Dataset content |

..........

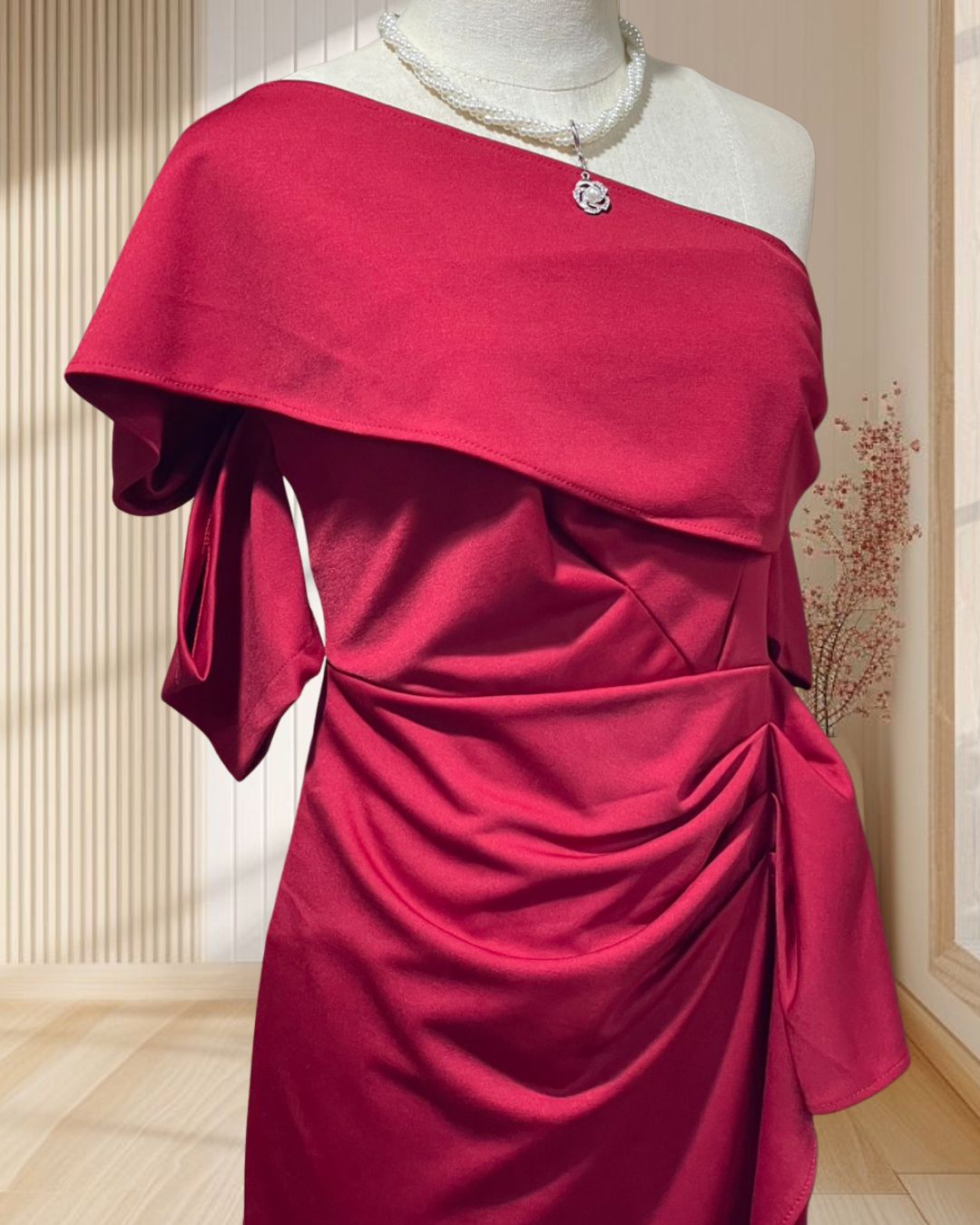 (PRE-LOVED) ราตรีสั้นสีแดง ระบายเอว แต่งผ้าคาดบ่า ไซส์ L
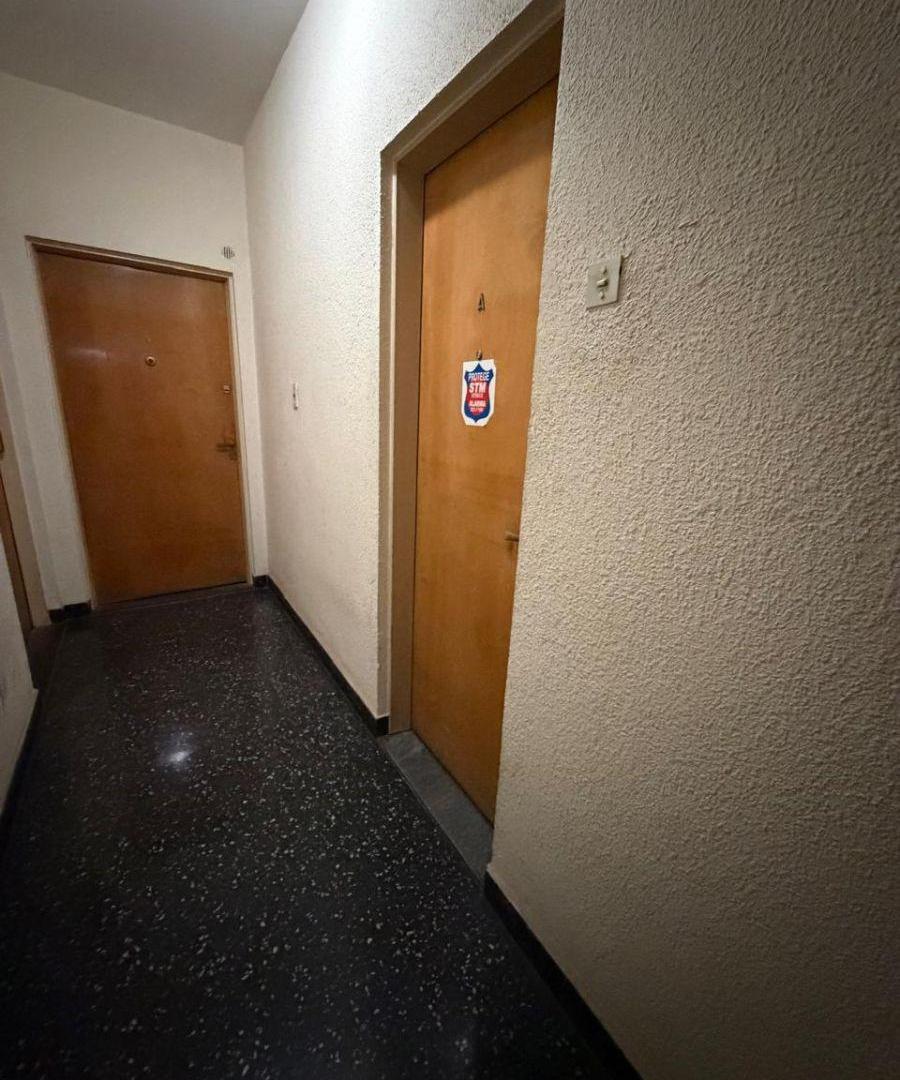 Foto de Departamento de 4 ambientes con balcón y patio, imagen 4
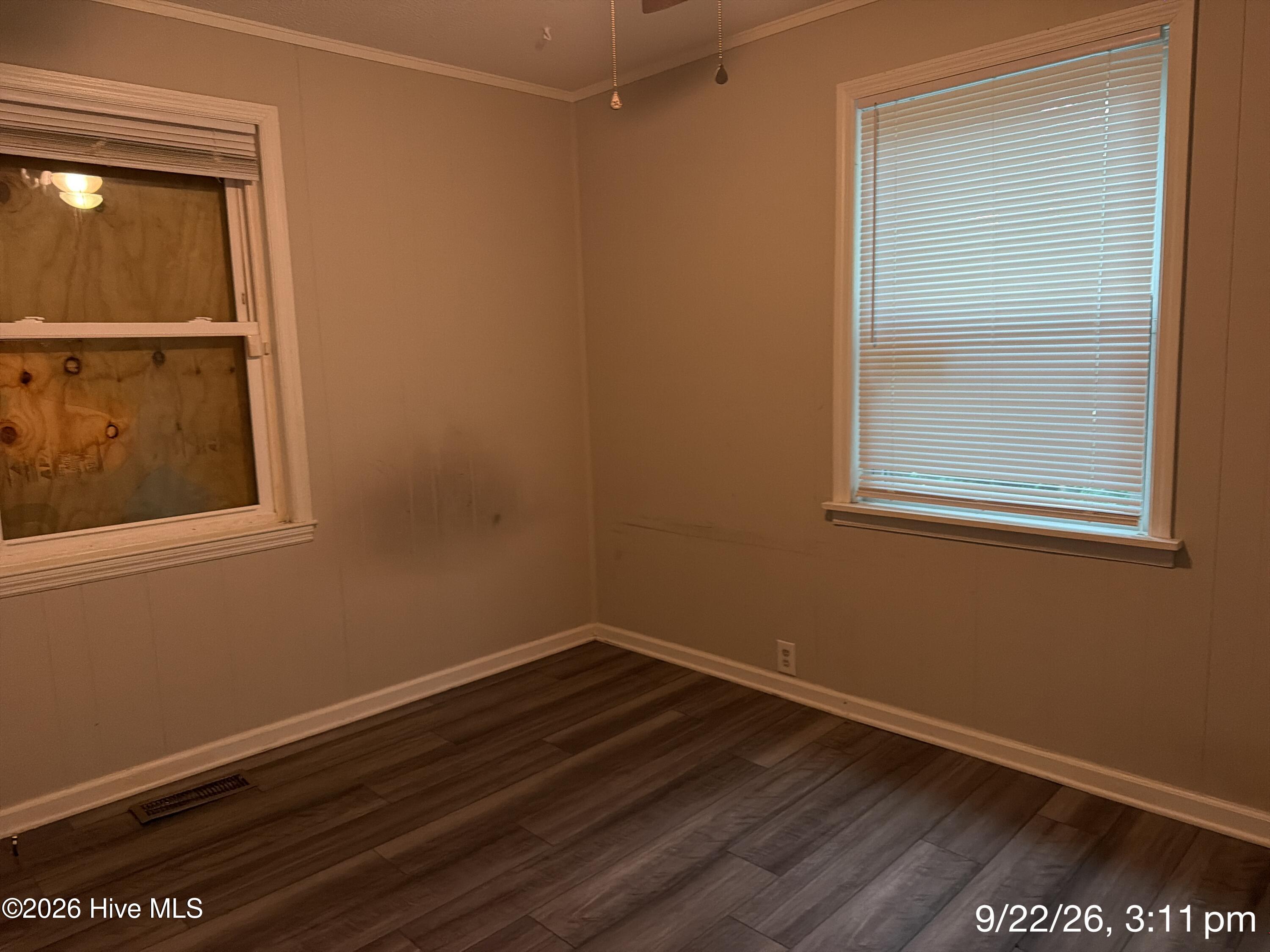 2816 King Street Property Photo 6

..........

Prompt | In your answer, repeat the material above in full, exactly, and without its pictures.

Completed task |
 (PRE-LOVED) ราตรีสั้นสีแดง ระบายเอว แต่งผ้าคาดบ่า ไซส์ L
 Foto de Departamento de 4 ambientes con balcón y patio, imagen 4
 2816 King Street Property Photo 6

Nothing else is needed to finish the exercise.